Aim of the task -> Starting from the line with "Presentpappersrulle, 50 cm", please copy exactly every line to the end of the listing, but not the pictures.

*** Records to use ***

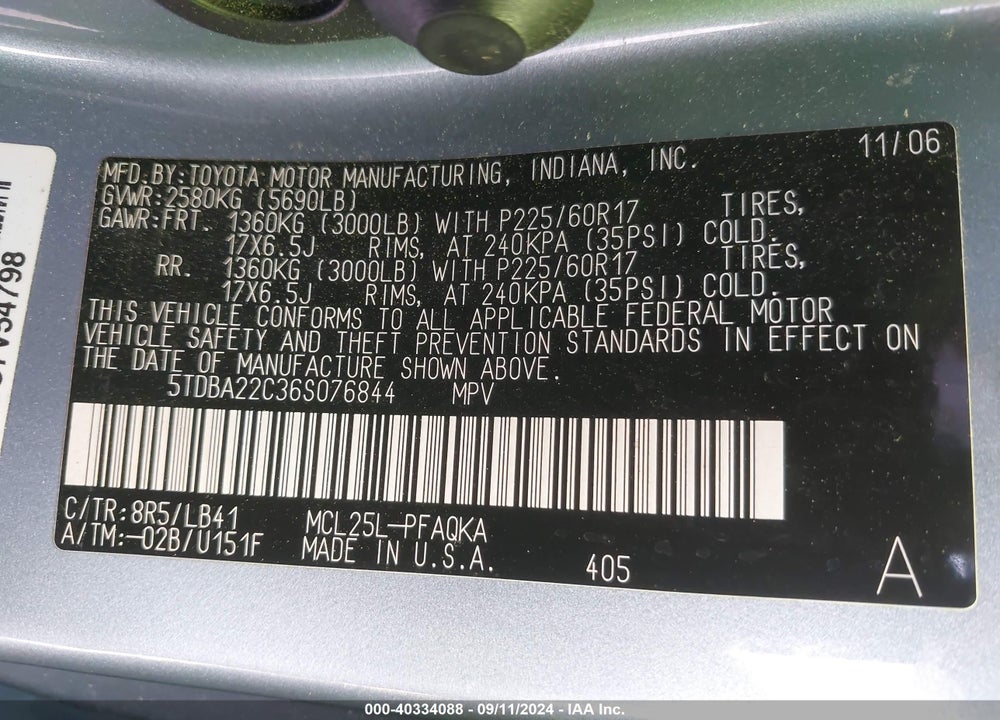 2006 TOYOTA SIENNA XLE LIMITED VIN: 5TDBA22C36S076844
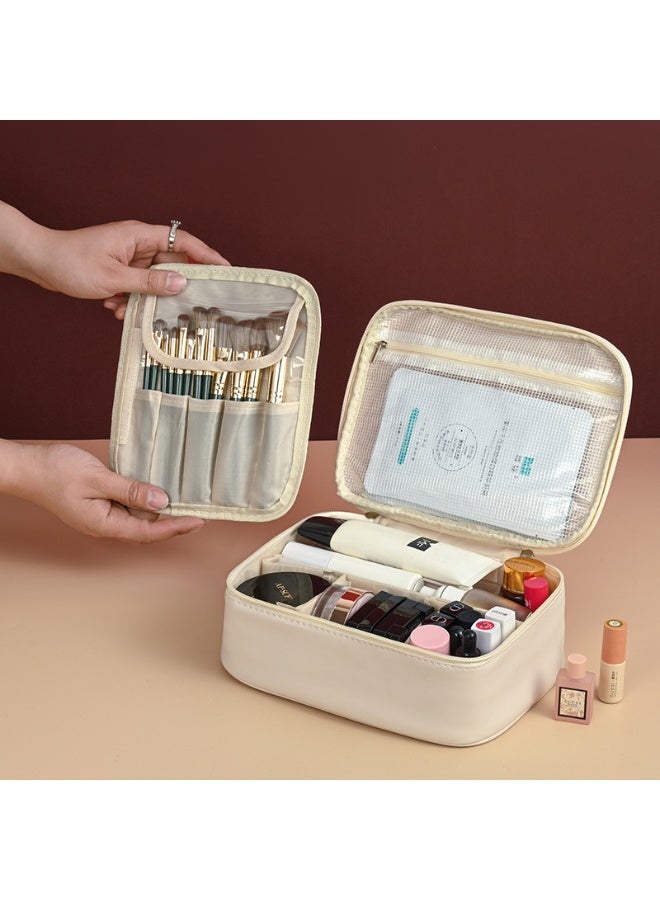New Arrival Split Compartment Cosmetic Bag Large Capacity High-end Multifunctional Cosmetic Toilet Storage Bag (Apricot Milk White) - Image 2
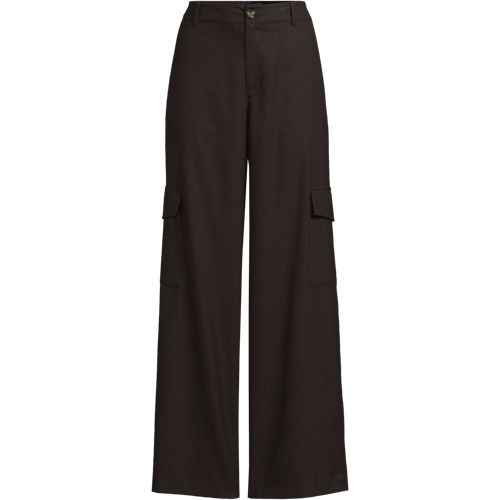 Wide Leg Brushed Twill Cargo Trousers, Women, size: S, regular, Brown, Viscose/Poly-blend, by Lands' End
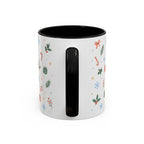 Christmas Candle Mug | Holly Wreath Watercolor Holiday Gift | Accent Cup 11oz 15oz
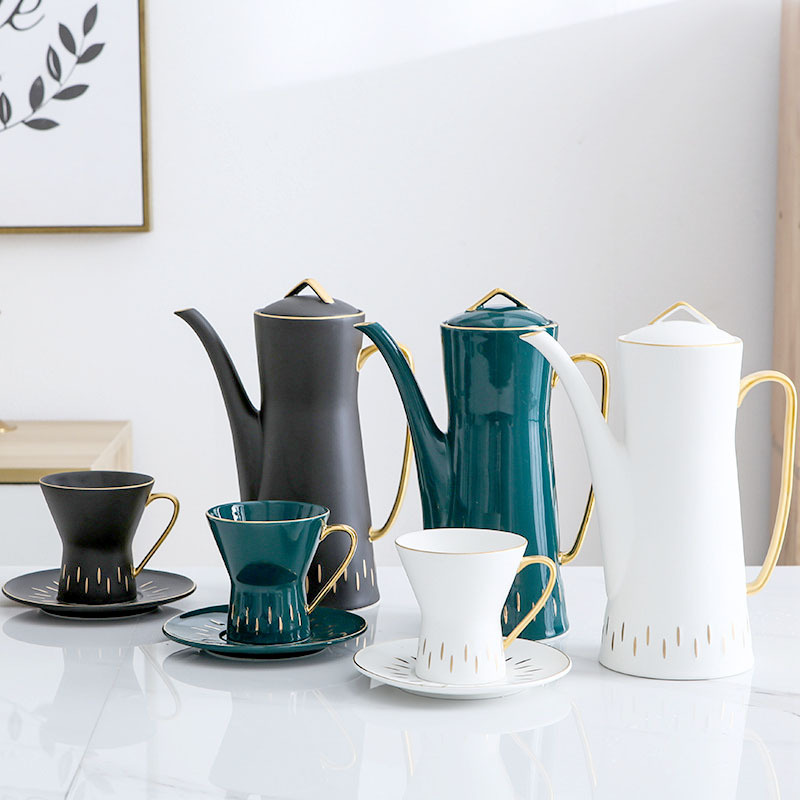 European Style Color Glaze Gold Line Afternoon Tea Black Tea Scented Tea Coffee Pot Set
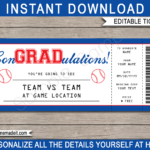 Graduation Baseball Gift Tickets Regarding Free Printable Baseball Ticket Template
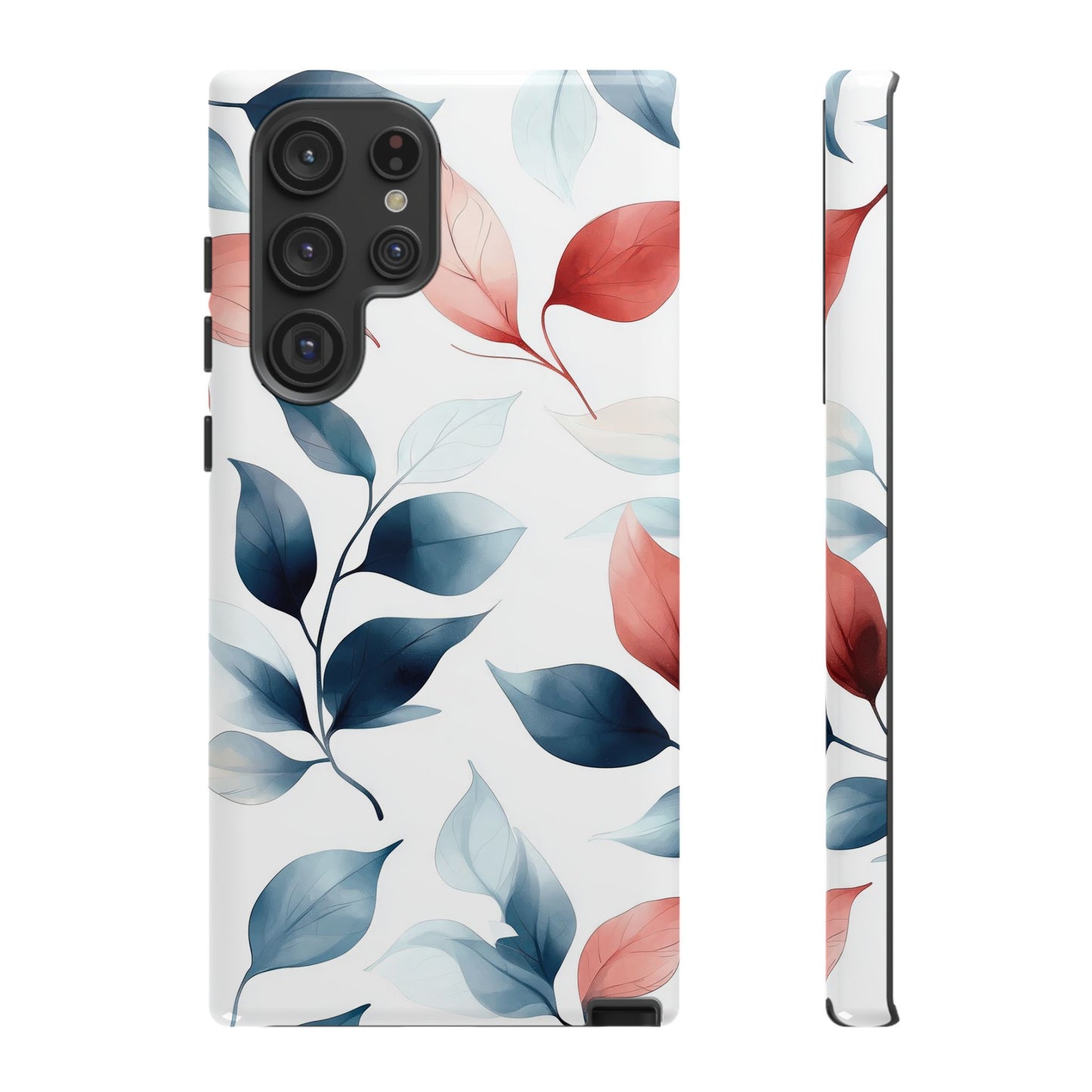 Blush & Blue Botanical Leaves Phone Case | Soft Nature-Inspired Design for iPhone, Pixel & Samsung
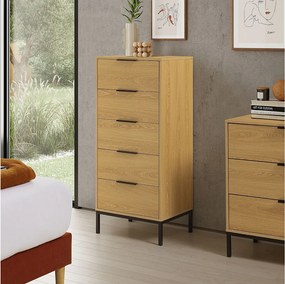 Szafka kolumnowa Auri z 5 szufladami w kolorze dębu.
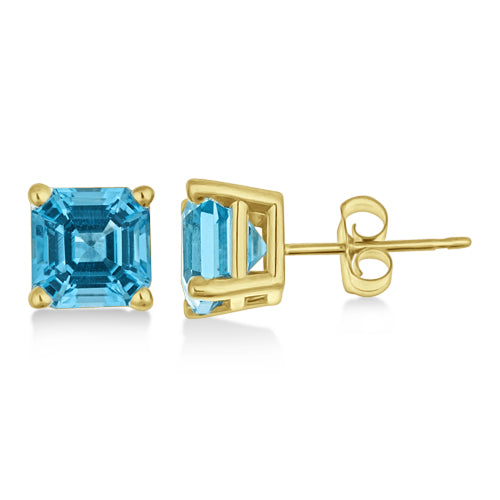 Asscher Cut Blue Topaz Basket Stud Earrings 14k Yellow Gold (2.70ct)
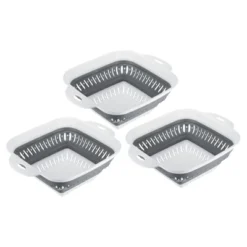 Unique Bargains Washing Fruit Vegetable Kitchen Multifunctional Square Collapsible Colanders 3 Pcs -Kitchen Utensil Store GUEST edf7afb9 3b7a 4572 9172 28428a8534aa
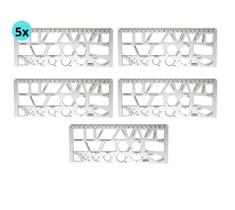 Kit 05 Régua Formas Geométricas Cristal Transparente 21cm Waleu Desenhos Técnicos Trabalhos Escolares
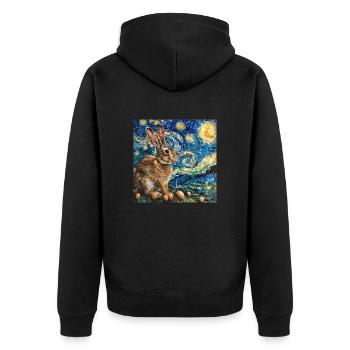 easter bunny, easter, bunny, happy easter, easter eggs - Unisex Premium Organic Zip Hoodie - black - Back - Nico (187cm)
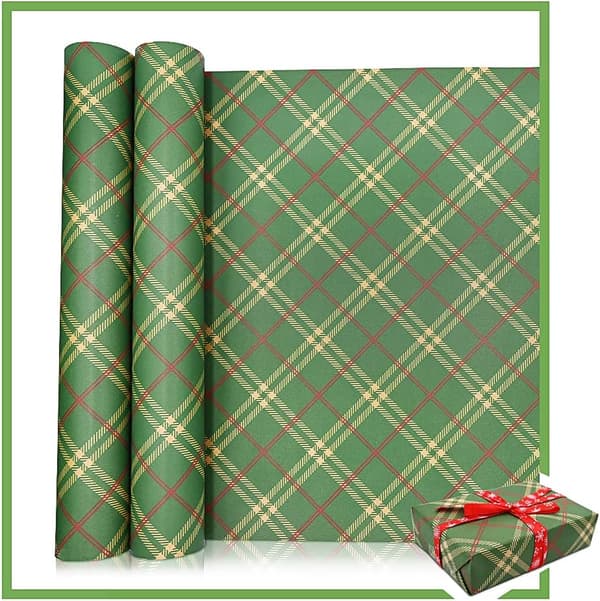 Presentpappersrulle, 50 cm x 70 cm Stor Rulle Julpapper Återvinningsbart Kraftpapper för Julförpackning Fest, Kvadrat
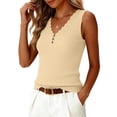 thumbnail image 6 of Sleeveless T-Shirt For Women's Summer Loose Sleeveless Button V-Neck Shirt Knitted Tank Tops Beige XL, 6 of 6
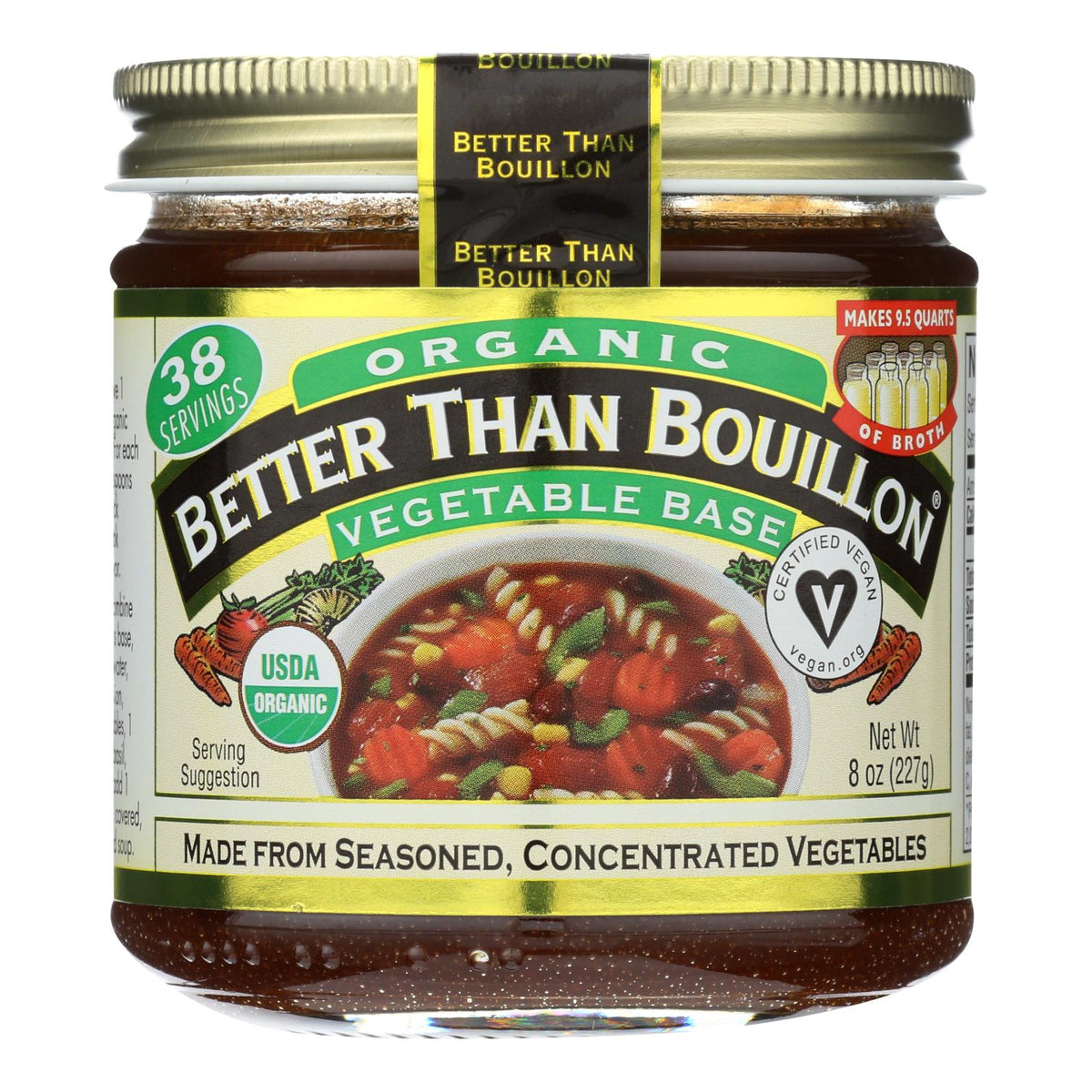 Better Than Bouillon Organic Seasoned Vegetable Base, 8 oz (Case of 6)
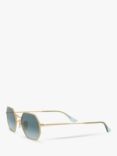 Ray-Ban RB3556N Unisex Heptagonal Sunglasses, Gold/Blue Gradient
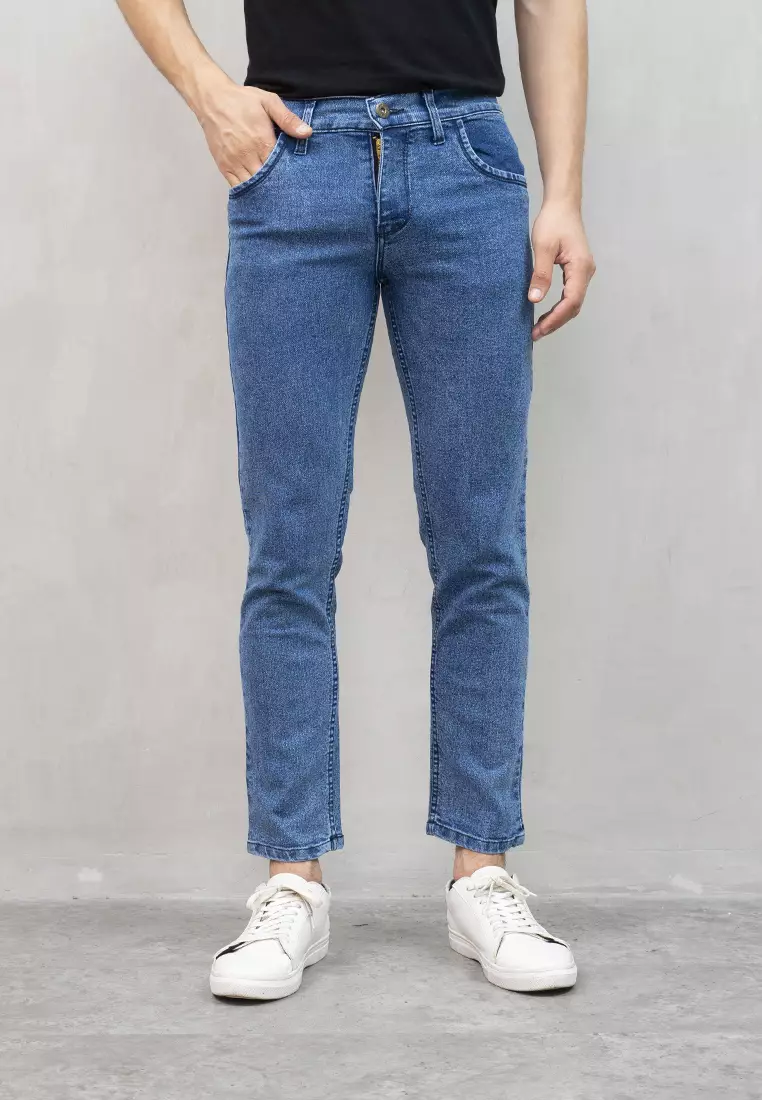 Celana panjang Jeans Slim Fit biru pudar denim pants pria houseofcuff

*** End of Records to use ***

Task answer ->
 Presentpappersrulle, 50 cm x 70 cm Stor Rulle Julpapper Återvinningsbart Kraftpapper för Julförpackning Fest, Kvadrat
 thumbnail image 6 of Sleeveless T-Shirt For Women's Summer Loose Sleeveless Button V-Neck Shirt Knitted Tank Tops Beige XL, 6 of 6
 Better Than Bouillon Organic Seasoned Vegetable Base, 8 oz (Case of 6)
 Ray-Ban RB3556N Unisex Heptagonal Sunglasses, Gold/Blue Gradient
 Celana panjang Jeans Slim Fit biru pudar denim pants pria houseofcuff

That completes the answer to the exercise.